◆ DATA
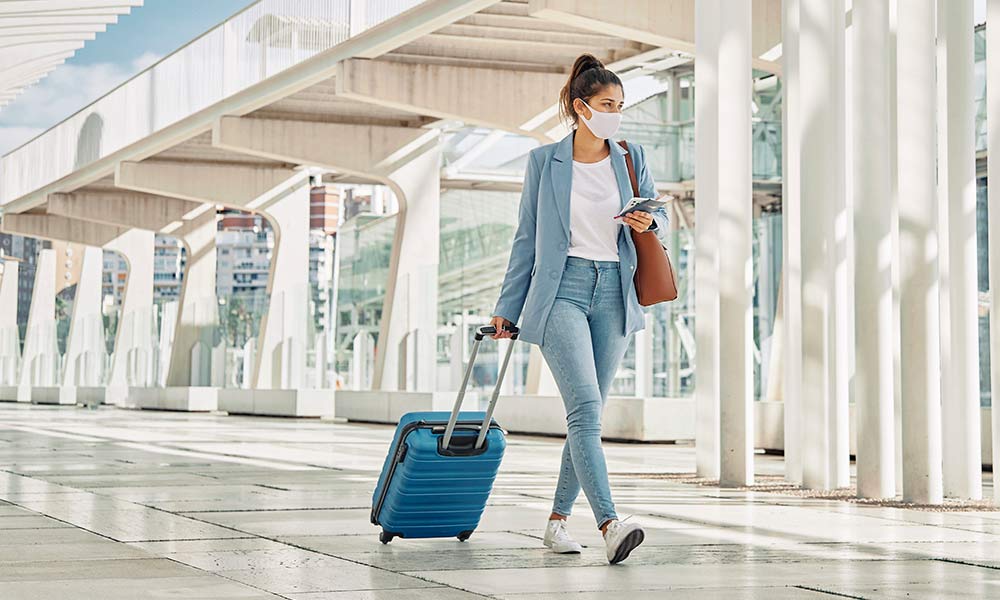 A Girl Walking with a Luggage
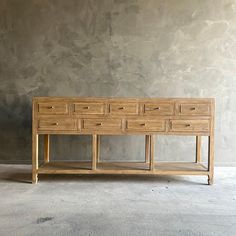 an old wooden dresser with drawers in front of a gray wall and concrete flooring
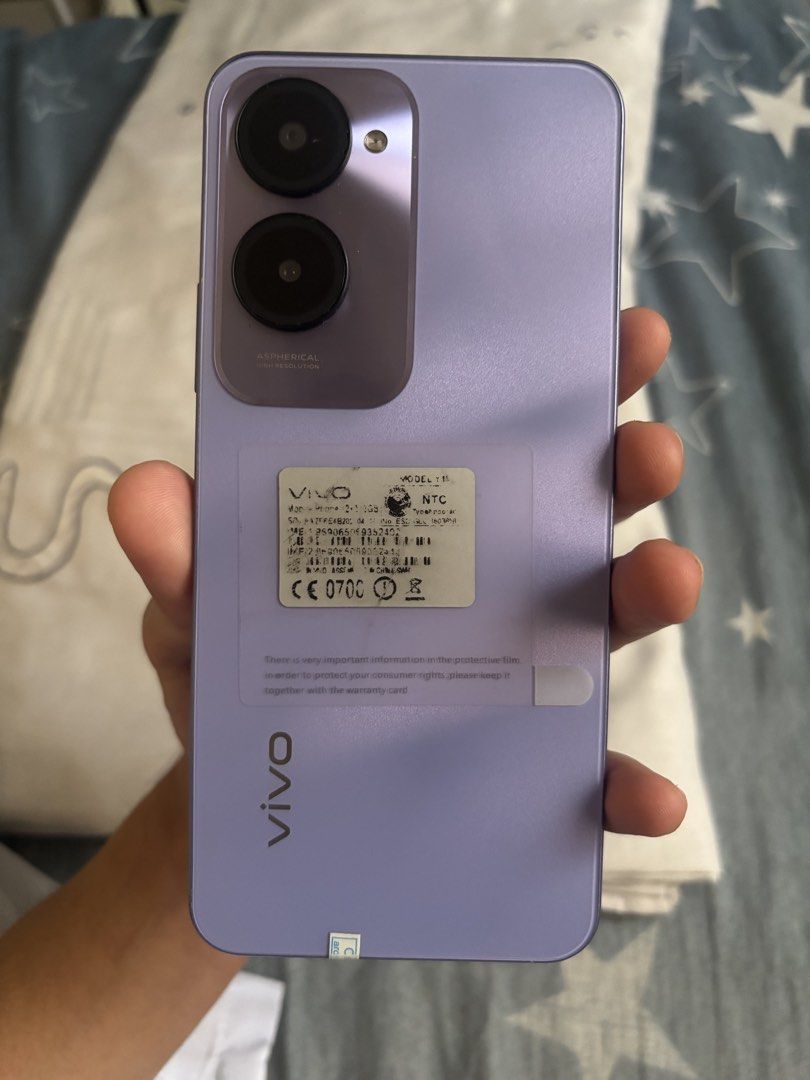 Vivo Y18 5G (Category: Vivo) located in Calumpit. Submitted by edrianpangilinan (Listing ID 1467456827, Image 1). Description: 📲 VIVO Y18 - Korean variant/premium copy - 5G ready - 12GB RAM / 512GB Internal Storage - Android 14 - Side-mounted fingerprint scanner, 3.5mm headphone jack, USB-C port - With box & Earphones - Color: Starry Purple Issue: • May crack sa rear cam but not affected when taking pictures 📌 Loc: Pasig – Open for meet-up.
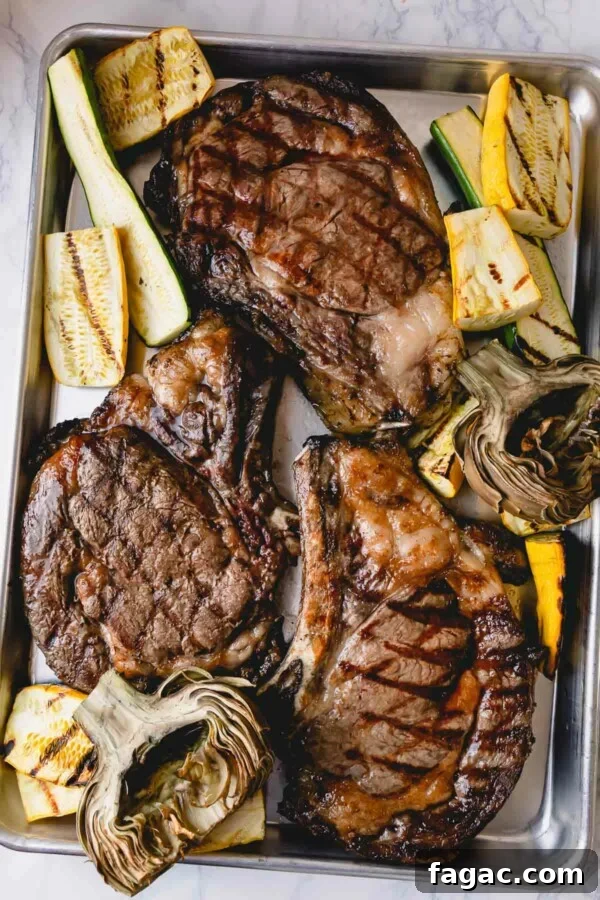 How to Grill a Tender, Flavorful Steak Every Time 3 3 grilled ribeye steaks on a baking sheet with grilled zucchini and artichokes.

◆ REQUIRED WORK
Apart from its pictures, the material above should be repeated exactly.

◆ RESPONSE TO THIS TASK
 A Girl Walking with a Luggage
 an old wooden dresser with drawers in front of a gray wall and concrete flooring
 Vivo Y18 5G (Category: Vivo) located in Calumpit. Submitted by edrianpangilinan (Listing ID 1467456827, Image 1). Description: 📲 VIVO Y18 - Korean variant/premium copy - 5G ready - 12GB RAM / 512GB Internal Storage - Android 14 - Side-mounted fingerprint scanner, 3.5mm headphone jack, USB-C port - With box & Earphones - Color: Starry Purple Issue: • May crack sa rear cam but not affected when taking pictures 📌 Loc: Pasig – Open for meet-up.
 How to Grill a Tender, Flavorful Steak Every Time 3 3 grilled ribeye steaks on a baking sheet with grilled zucchini and artichokes.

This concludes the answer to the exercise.